実はアメリカも、国民が直接投票するのは、大統領ではなく選挙人で、その選挙人が選んだ大統領の多数決で決定、という2段構えになっている。
しかし、たった2段構え、しかも国民が投票したその日にその2段が行われる。
すると、自分たちの投票で大統領が選ばれた、という実感が時間、工程両面で感じやすい。
日本の国会議員を選ぶ選挙は、その開票のときには盛り上がるものの、その後総理大臣を選ぶ過程はふんわりしている。

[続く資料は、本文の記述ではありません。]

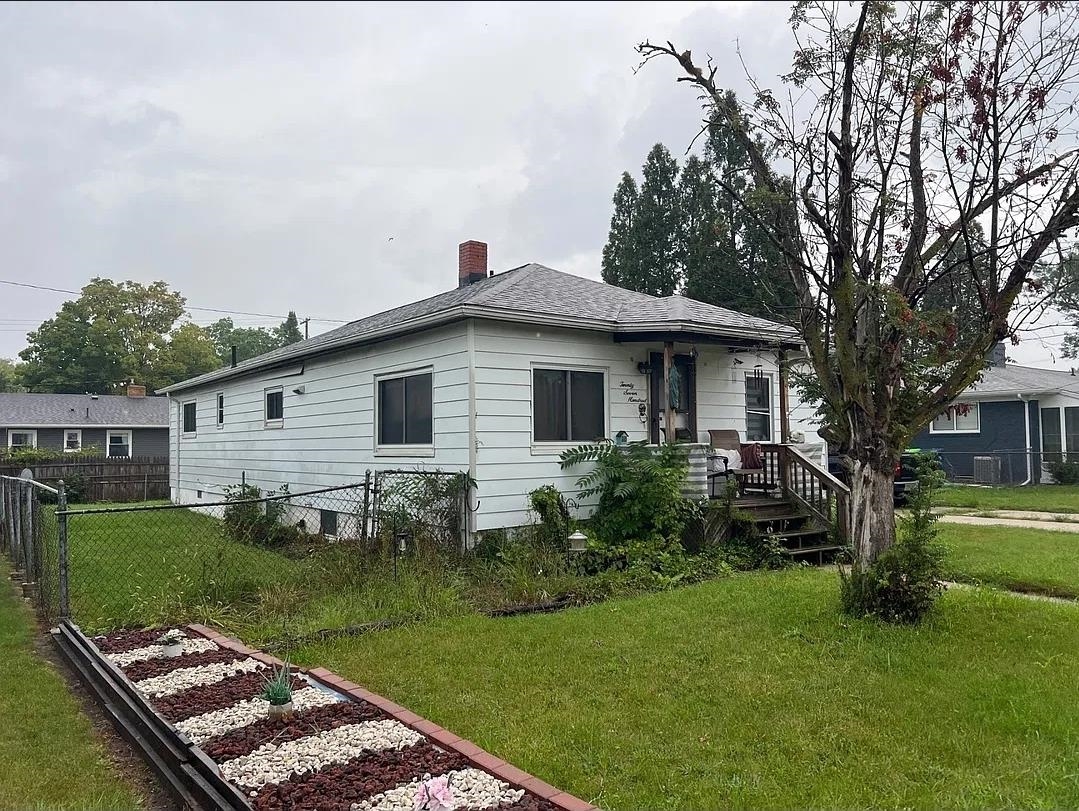 Photo 3 of Single family home for sale at 2700 S Jefferson St, Bay City, MI 48708 | MLS# 60050225027 | Listing updated on 2026-10-22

実際には、例えば自民党に投票するということは、自民党のトップを総理大臣とするということになると考えてよいのだが、実際の投票行動において、それを実感しながら、つまり国のトップを決めるのだ、という気持ちを持つ人は少ないだろう。
アメリカは、良くも悪くも「わかりやすさ」がある国だと感じる。
つまり、国のトップは誰が良い?という基準で選挙が行われるから、盛り上がる。
そして、これは日本でもできるのではないだろうか。
選挙のときに、党や国会議員を選んでいるという意識を、国のトップを選んでいるのだ、という意識に変えていけば、より盛り上がると期待できる。
そして、その為に必要なこと、かつ日本で選挙がイマイチ盛り上がらない理由の二つ目は、報道の仕方だ。

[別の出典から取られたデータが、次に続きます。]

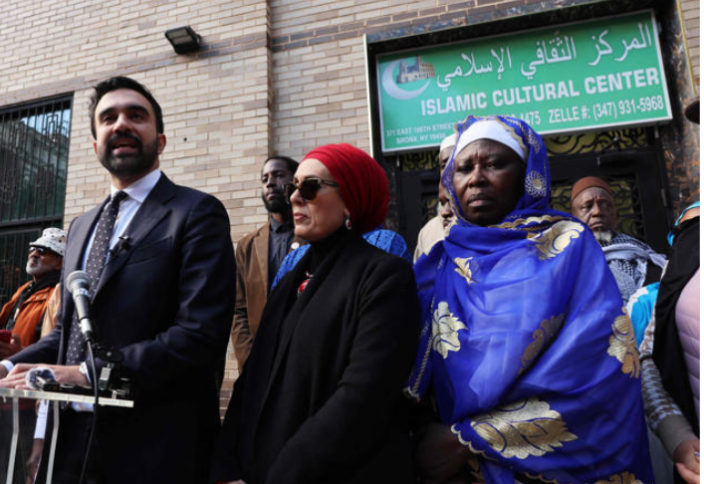 Новый мэр Нью-Йорка принял присягу в метро на Коране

確かに国政選挙時には、殆ど全てのテレビメディアが選挙特番を組む。
しかしどこの局も、まあ堅い。
最近はテレ東の選挙特番に池上氏が起用され、その歯に衣着せぬ物言いがエンターテイメント的な色彩を帯びており、視聴率も良いようだ。
このように、選挙特番にももう少しエンターテイメント性をいれてほしい。
全局がそうなるといかがなものかと思うが、全局が堅いよりは幾分良い。
同時に、投票日前には上述したように、現実的にはほぼこれで日本のトップが決まるのだ、ということをもっともっと訴えてほしい。
マスコミによる印象操作は、良くないことばかりに使われている気がするが、プラスに使えることもあるとすれば、こういったところだろう。
そして、印象操作ができるくらい、まだまだ(?)マスメディアの影響力は絶大だ。